INPUT DATA:
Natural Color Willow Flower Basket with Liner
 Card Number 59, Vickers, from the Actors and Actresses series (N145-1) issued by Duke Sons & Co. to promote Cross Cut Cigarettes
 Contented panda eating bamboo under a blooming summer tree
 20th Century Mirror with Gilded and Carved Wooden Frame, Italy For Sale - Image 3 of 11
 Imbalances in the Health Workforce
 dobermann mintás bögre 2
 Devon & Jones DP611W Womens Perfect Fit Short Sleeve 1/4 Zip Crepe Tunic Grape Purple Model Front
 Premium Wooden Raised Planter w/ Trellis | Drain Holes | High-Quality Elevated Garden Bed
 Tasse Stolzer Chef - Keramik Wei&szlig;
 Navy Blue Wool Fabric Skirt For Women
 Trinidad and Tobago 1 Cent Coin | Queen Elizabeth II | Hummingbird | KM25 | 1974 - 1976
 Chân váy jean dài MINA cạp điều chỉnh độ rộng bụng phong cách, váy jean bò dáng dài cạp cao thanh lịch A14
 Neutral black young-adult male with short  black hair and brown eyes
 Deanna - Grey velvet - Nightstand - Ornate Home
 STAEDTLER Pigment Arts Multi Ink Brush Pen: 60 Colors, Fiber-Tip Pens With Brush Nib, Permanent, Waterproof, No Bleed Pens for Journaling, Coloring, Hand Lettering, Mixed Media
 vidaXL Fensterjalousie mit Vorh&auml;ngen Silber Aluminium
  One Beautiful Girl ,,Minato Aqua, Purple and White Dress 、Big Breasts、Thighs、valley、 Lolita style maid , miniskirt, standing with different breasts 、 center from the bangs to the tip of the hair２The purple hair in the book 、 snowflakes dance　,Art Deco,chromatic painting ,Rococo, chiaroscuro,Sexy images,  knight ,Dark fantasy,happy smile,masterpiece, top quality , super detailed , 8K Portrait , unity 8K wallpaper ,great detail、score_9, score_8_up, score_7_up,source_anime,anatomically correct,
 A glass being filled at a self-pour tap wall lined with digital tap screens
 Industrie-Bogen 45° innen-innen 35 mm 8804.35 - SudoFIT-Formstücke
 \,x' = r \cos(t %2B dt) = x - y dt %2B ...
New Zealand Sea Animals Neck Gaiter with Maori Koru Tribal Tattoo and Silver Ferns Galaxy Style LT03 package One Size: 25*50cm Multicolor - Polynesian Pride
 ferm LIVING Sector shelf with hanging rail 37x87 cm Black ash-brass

TRY IT: Retype exactly the lines above, from the one with "Devon & Jones" through the one with "Deanna - Grey", inclusive.

WRITTEN RESPONSE:
 Devon & Jones DP611W Womens Perfect Fit Short Sleeve 1/4 Zip Crepe Tunic Grape Purple Model Front
 Premium Wooden Raised Planter w/ Trellis | Drain Holes | High-Quality Elevated Garden Bed
 Tasse Stolzer Chef - Keramik Wei&szlig;
 Navy Blue Wool Fabric Skirt For Women
 Trinidad and Tobago 1 Cent Coin | Queen Elizabeth II | Hummingbird | KM25 | 1974 - 1976
 Chân váy jean dài MINA cạp điều chỉnh độ rộng bụng phong cách, váy jean bò dáng dài cạp cao thanh lịch A14
 Neutral black young-adult male with short  black hair and brown eyes
 Deanna - Grey velvet - Nightstand - Ornate Home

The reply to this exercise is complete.